- **WORK REQUEST**
Would you please retype the records that follow, word for word?
◇ ◇ ◇ ◇ ◇ ◇ ◇
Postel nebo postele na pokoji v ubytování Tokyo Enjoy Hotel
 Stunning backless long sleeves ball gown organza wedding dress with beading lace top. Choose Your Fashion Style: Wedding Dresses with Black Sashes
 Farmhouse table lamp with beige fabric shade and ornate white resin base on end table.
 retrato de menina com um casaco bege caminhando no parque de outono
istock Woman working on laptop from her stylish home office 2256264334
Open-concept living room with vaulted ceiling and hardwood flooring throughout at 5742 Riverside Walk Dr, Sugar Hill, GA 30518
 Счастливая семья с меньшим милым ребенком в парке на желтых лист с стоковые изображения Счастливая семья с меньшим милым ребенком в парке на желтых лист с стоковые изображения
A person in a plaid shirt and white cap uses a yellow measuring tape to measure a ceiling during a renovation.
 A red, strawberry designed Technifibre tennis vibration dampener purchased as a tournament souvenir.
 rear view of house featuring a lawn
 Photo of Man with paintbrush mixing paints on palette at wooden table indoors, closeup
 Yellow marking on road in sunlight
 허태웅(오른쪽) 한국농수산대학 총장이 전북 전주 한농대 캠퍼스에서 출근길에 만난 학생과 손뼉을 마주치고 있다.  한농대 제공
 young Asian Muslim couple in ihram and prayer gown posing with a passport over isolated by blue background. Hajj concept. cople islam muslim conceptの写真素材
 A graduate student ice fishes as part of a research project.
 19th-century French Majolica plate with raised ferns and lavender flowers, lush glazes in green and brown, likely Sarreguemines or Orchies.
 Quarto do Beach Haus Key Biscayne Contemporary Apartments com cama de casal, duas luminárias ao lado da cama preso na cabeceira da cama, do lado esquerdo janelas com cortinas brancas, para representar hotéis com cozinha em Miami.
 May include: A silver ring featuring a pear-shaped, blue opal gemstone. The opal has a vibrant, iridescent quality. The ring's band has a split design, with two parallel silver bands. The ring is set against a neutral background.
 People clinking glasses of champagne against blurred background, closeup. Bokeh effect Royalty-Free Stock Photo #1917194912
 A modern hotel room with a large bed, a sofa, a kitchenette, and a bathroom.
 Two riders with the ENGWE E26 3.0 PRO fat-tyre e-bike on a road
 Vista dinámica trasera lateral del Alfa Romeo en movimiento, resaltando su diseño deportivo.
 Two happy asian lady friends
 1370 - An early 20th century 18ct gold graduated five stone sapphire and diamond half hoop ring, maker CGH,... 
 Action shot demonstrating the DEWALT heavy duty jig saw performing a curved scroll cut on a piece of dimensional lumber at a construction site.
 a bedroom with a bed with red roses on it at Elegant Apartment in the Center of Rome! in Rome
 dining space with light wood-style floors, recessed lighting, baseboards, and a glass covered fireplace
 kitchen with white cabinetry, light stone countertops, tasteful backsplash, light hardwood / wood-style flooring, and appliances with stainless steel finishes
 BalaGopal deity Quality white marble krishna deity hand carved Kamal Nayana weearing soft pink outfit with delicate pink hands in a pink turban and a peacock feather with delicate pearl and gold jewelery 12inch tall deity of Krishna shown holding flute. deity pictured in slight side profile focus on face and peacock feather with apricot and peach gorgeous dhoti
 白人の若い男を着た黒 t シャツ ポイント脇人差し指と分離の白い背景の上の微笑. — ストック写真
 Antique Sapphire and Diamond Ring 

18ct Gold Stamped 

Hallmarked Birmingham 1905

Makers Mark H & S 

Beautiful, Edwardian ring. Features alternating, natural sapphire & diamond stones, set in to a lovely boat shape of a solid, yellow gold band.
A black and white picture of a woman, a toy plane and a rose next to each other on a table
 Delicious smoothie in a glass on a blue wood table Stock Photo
◇ ◇ ◇ ◇ ◇ ◇ ◇
- **WRITTEN RESPONSE**
Postel nebo postele na pokoji v ubytování Tokyo Enjoy Hotel
 Stunning backless long sleeves ball gown organza wedding dress with beading lace top. Choose Your Fashion Style: Wedding Dresses with Black Sashes
 Farmhouse table lamp with beige fabric shade and ornate white resin base on end table.
 retrato de menina com um casaco bege caminhando no parque de outono
istock Woman working on laptop from her stylish home office 2256264334
Open-concept living room with vaulted ceiling and hardwood flooring throughout at 5742 Riverside Walk Dr, Sugar Hill, GA 30518
 Счастливая семья с меньшим милым ребенком в парке на желтых лист с стоковые изображения Счастливая семья с меньшим милым ребенком в парке на желтых лист с стоковые изображения
A person in a plaid shirt and white cap uses a yellow measuring tape to measure a ceiling during a renovation.
 A red, strawberry designed Technifibre tennis vibration dampener purchased as a tournament souvenir.
 rear view of house featuring a lawn
 Photo of Man with paintbrush mixing paints on palette at wooden table indoors, closeup
 Yellow marking on road in sunlight
 허태웅(오른쪽) 한국농수산대학 총장이 전북 전주 한농대 캠퍼스에서 출근길에 만난 학생과 손뼉을 마주치고 있다.  한농대 제공
 young Asian Muslim couple in ihram and prayer gown posing with a passport over isolated by blue background. Hajj concept. cople islam muslim conceptの写真素材
 A graduate student ice fishes as part of a research project.
 19th-century French Majolica plate with raised ferns and lavender flowers, lush glazes in green and brown, likely Sarreguemines or Orchies.
 Quarto do Beach Haus Key Biscayne Contemporary Apartments com cama de casal, duas luminárias ao lado da cama preso na cabeceira da cama, do lado esquerdo janelas com cortinas brancas, para representar hotéis com cozinha em Miami.
 May include: A silver ring featuring a pear-shaped, blue opal gemstone. The opal has a vibrant, iridescent quality. The ring's band has a split design, with two parallel silver bands. The ring is set against a neutral background.
 People clinking glasses of champagne against blurred background, closeup. Bokeh effect Royalty-Free Stock Photo #1917194912
 A modern hotel room with a large bed, a sofa, a kitchenette, and a bathroom.
 Two riders with the ENGWE E26 3.0 PRO fat-tyre e-bike on a road
 Vista dinámica trasera lateral del Alfa Romeo en movimiento, resaltando su diseño deportivo.
 Two happy asian lady friends
 1370 - An early 20th century 18ct gold graduated five stone sapphire and diamond half hoop ring, maker CGH,... 
 Action shot demonstrating the DEWALT heavy duty jig saw performing a curved scroll cut on a piece of dimensional lumber at a construction site.
 a bedroom with a bed with red roses on it at Elegant Apartment in the Center of Rome! in Rome
 dining space with light wood-style floors, recessed lighting, baseboards, and a glass covered fireplace
 kitchen with white cabinetry, light stone countertops, tasteful backsplash, light hardwood / wood-style flooring, and appliances with stainless steel finishes
 BalaGopal deity Quality white marble krishna deity hand carved Kamal Nayana weearing soft pink outfit with delicate pink hands in a pink turban and a peacock feather with delicate pearl and gold jewelery 12inch tall deity of Krishna shown holding flute. deity pictured in slight side profile focus on face and peacock feather with apricot and peach gorgeous dhoti
 白人の若い男を着た黒 t シャツ ポイント脇人差し指と分離の白い背景の上の微笑. — ストック写真
 Antique Sapphire and Diamond Ring 

18ct Gold Stamped 

Hallmarked Birmingham 1905

Makers Mark H & S 

Beautiful, Edwardian ring. Features alternating, natural sapphire & diamond stones, set in to a lovely boat shape of a solid, yellow gold band.
A black and white picture of a woman, a toy plane and a rose next to each other on a table
 Delicious smoothie in a glass on a blue wood table Stock Photo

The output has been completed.